WHAT TO PRODUCE
Transcribe the records that follow in their entirety, omitting any pictures.

(RECORDS PROVIDED begins)

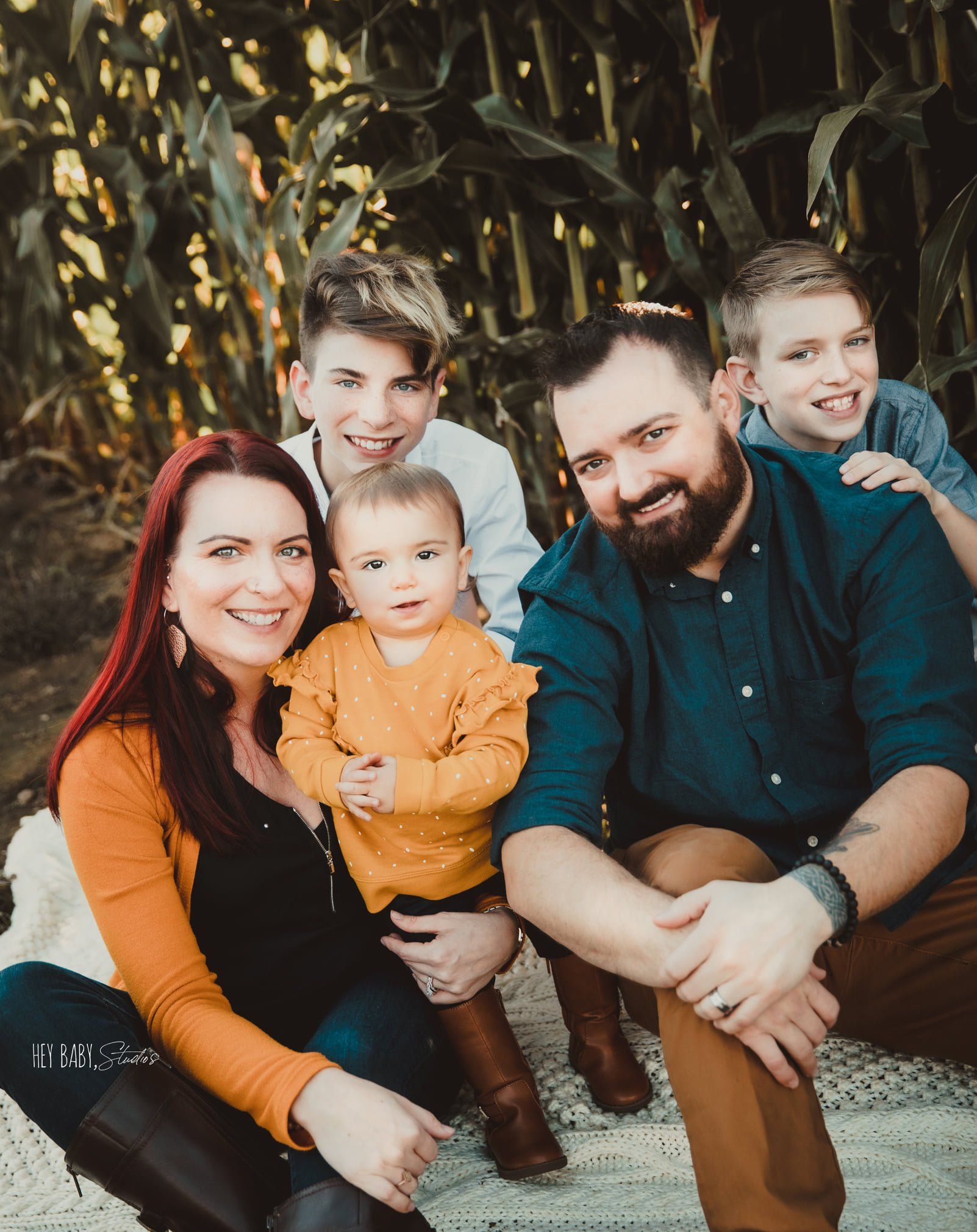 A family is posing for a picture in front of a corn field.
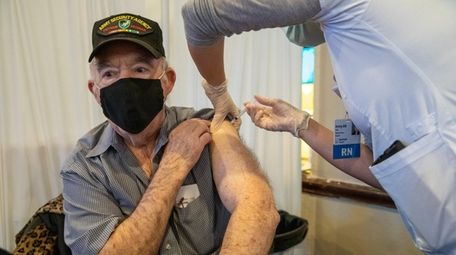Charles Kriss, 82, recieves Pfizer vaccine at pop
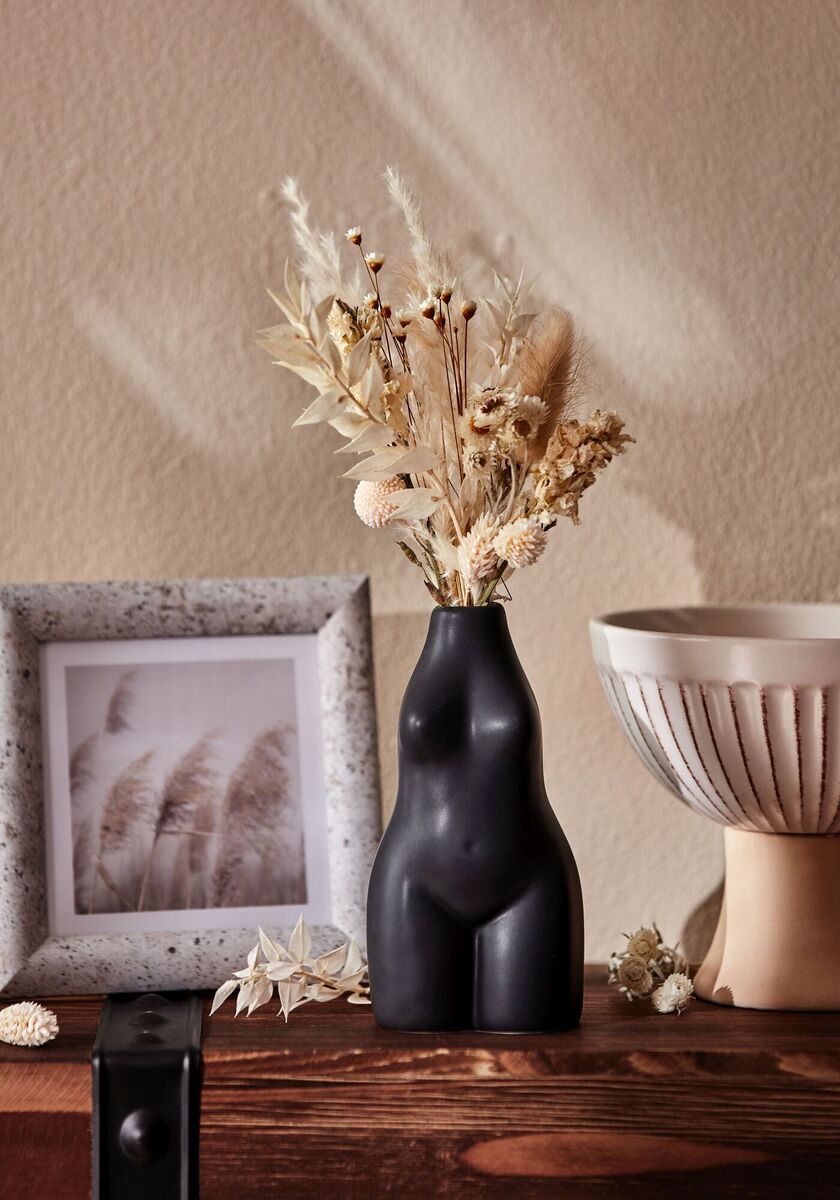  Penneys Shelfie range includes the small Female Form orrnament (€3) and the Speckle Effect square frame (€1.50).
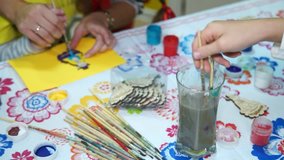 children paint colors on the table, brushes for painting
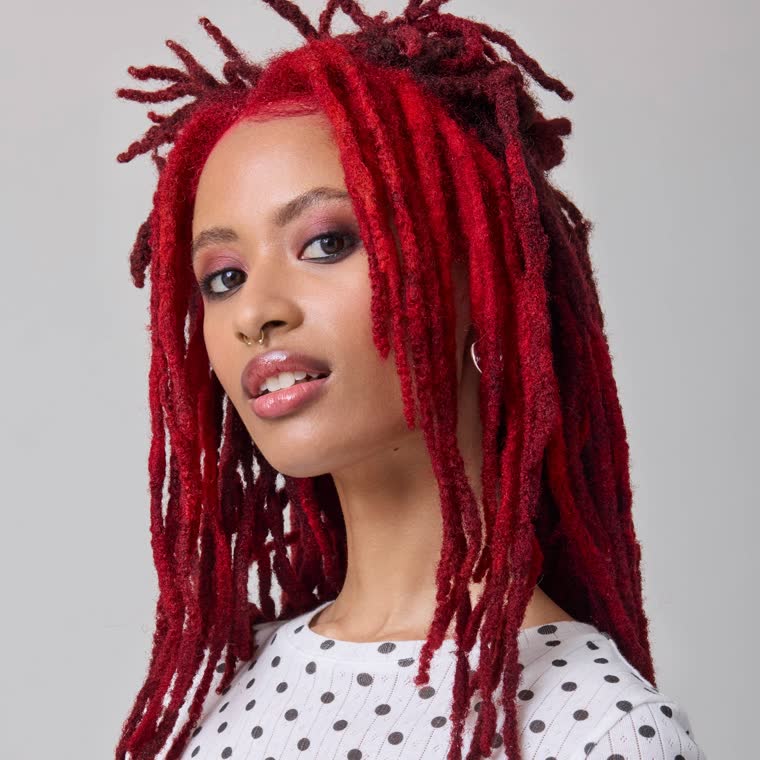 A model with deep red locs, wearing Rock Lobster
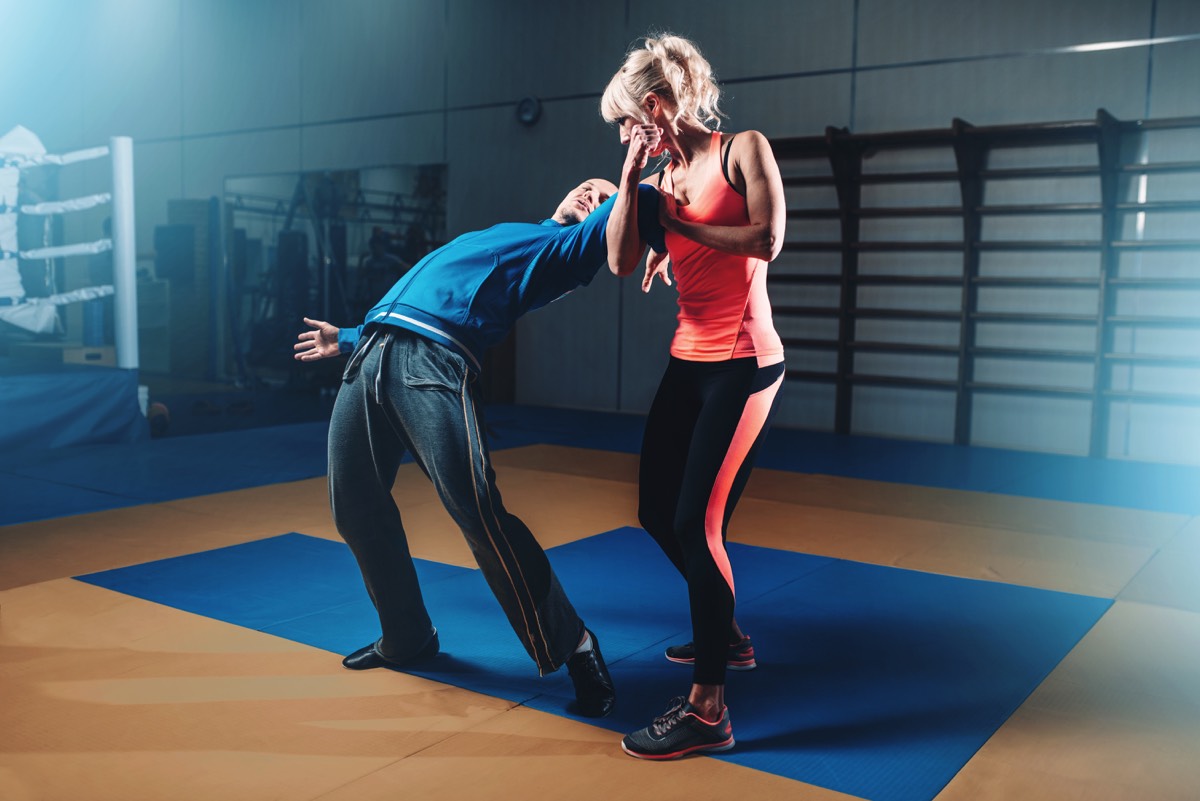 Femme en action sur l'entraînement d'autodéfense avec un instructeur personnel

(RECORDS PROVIDED ends)

EXERCISE SOLUTION
 A family is posing for a picture in front of a corn field.
Charles Kriss, 82, recieves Pfizer vaccine at pop
  Penneys Shelfie range includes the small Female Form orrnament (€3) and the Speckle Effect square frame (€1.50).
 children paint colors on the table, brushes for painting
 A model with deep red locs, wearing Rock Lobster
 Femme en action sur l'entraînement d'autodéfense avec un instructeur personnel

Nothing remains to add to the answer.